Содержание
«Военная Литература»
Проза войны

20 сентября 1941 года

Ефрейтор Бекер родом из Берлина. Отец его был банковским служащим. Отец говорит, что сын «отбился от работы». Бекер считает, что отец «пропах нафталином».

Бекер кончил среднюю школу, но круг его познаний ограничен и своеобразен. История для него — комплекс обид: все народы обижали Германию. Одновременно он объясняет, что Германия «справедливо властвовала над миром». Ей, оказывается, принадлежали древний Киев и Дижонское герцогство. География Бекера — это справки о распространении, немецкой расы. По его словам, Бретань населена немцами, а шведы говорят «на испорченном немецком языке».

Он никогда не слыхал имени Гейне. Он говорит, что Гёте и Шиллер «чересчур трудны» для чтения. Читает он, по его собственным словам, только «бульварные романы», добавляет: «Книги очень утомительная штука. Потом неинтересно, как другие врут».

В его карманах нашли коллекцию порнографических открыток и словарь непристойных слов на французском языке.

Бекер считает, что войну Германия ведет против плутократов. Когда я спросил его, много ли плутократов в Советской России, он ответил: «Это неважно. Вы должны были выбирать между нами и англичанами». Разговорившись, он признался: «Неважно, зачем воевать, — это решает фюрер, но я лично доволен войной. Без войны мне пришлось бы работать. А я побывал во Франции. Конечно, эта страна распущенная и там беспорядок, грязь, но зато мы отдохнули. Все там очень дешево. И мне понравились француженки... У меня в Берлине невеста. Но на войне можно проказничать. В Антверпене мы, по правде сказать, скучали. Но там недурно едят. Потом мы там выпили все запасы портвейна. Одним словом, поглядели немного свет...»

Для него война — нечто вроде бюро Кука.

Он горд железным крестом «За Ковентри». Рассказывает: «Это была чистая работа — мы показали англичанам, что такое наши фугаски». Я спрашиваю: «Почему?» Бекер пожимает плечами: «Говорят, что англичане перед этим разрушили детскую больницу...» Какую больницу? Этого он не знает. Это его и не интересует. Зато он с восторгом говорит: «Когда они начали гасить пожары, мы перешли на фугаски по пятьсот килограммов — это хорошо крошит...»

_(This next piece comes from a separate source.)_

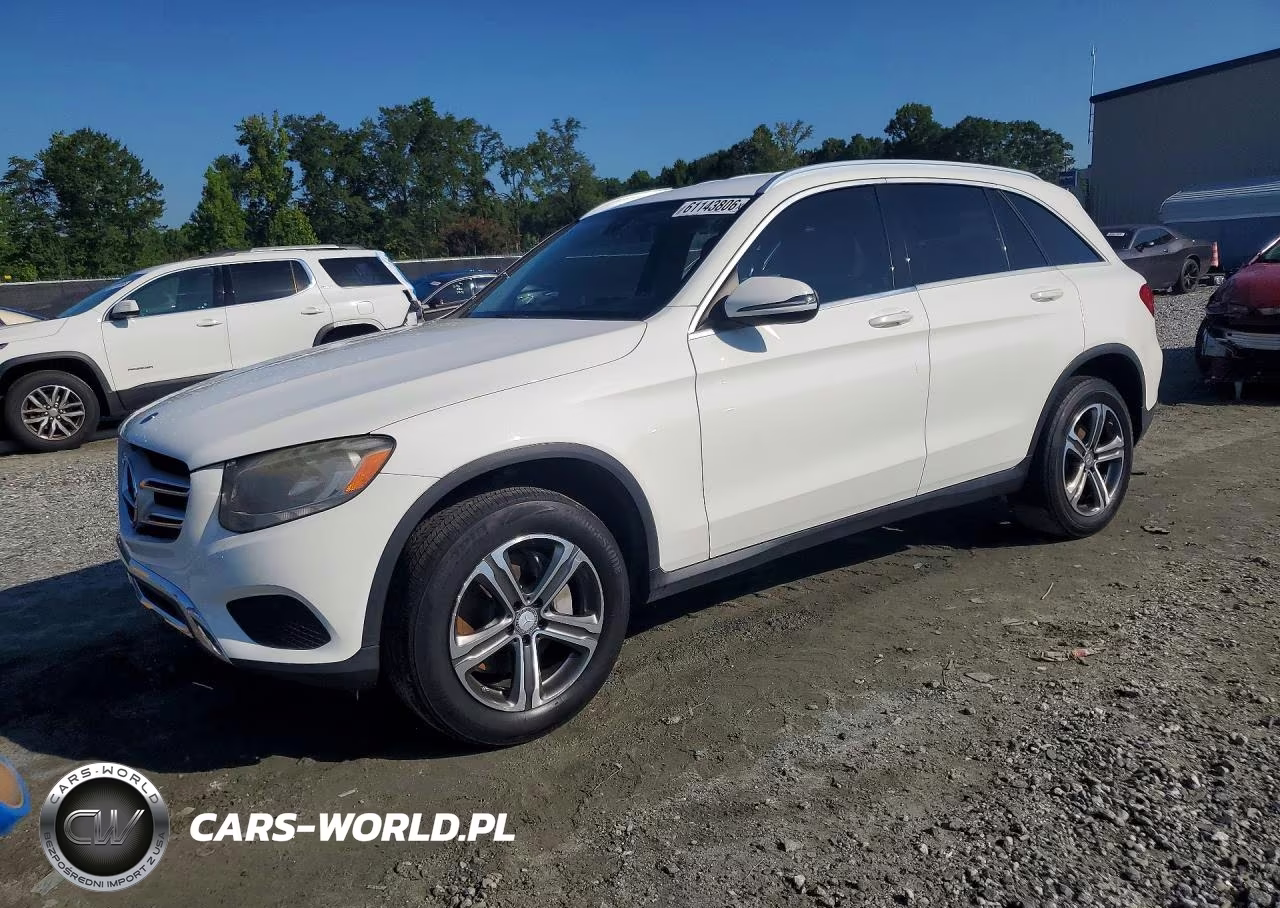 2016 Mercedes-Benz Glc 300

В Россию немцы, по его словам, пришли за «жизненным пространством». Он настаивает: «У нас очень тесно». Я его спрашиваю: сколько у него комнат в Берлине? «Две с половиной». Я интересуюсь, что бы он сказал, если бы в эти «две с половиной» комнаты вселились чужие. Он смотрит на меня исподлобья и бурчит: «Не пустил бы».

У него голубые глаза, но они лишены выражения, это стекляшки в чучеле зверя. Мы говорим об авиации. Бекер рассуждает: «Конечно, «спитфайеры» неплохая штука, но мы сильнее. У вас против наших хорошо работают «МИГи» и еще новые истребители, но это неважно. Мы...»

Он вдруг запнулся — вспомнил, что его машину сбили и что он не в берлинской пивнушке, но в плену. Он щерится, как зверь в клетке.

Потом берет папиросу и снова все забывает, начинает хвастать: «Мы крошили английские города, как крошки хлеба между пальцами... Фюрер сказал, что мы победим, — значит, мы победим... Но работы еще много — Египет, Суэц, Индия...»

Я снова его спрашиваю: «Зачем?» Я хочу понять, зачем этот человек разрушал дома, убивал детей. Но он, зевая, отвечает: «Я не люблю философствовать». Я думаю, что, если ефрейтора Бекера посадить в зоологический сад и надписать «Homo sapiens», никто из посетителей не поверит, что перед ним — человек.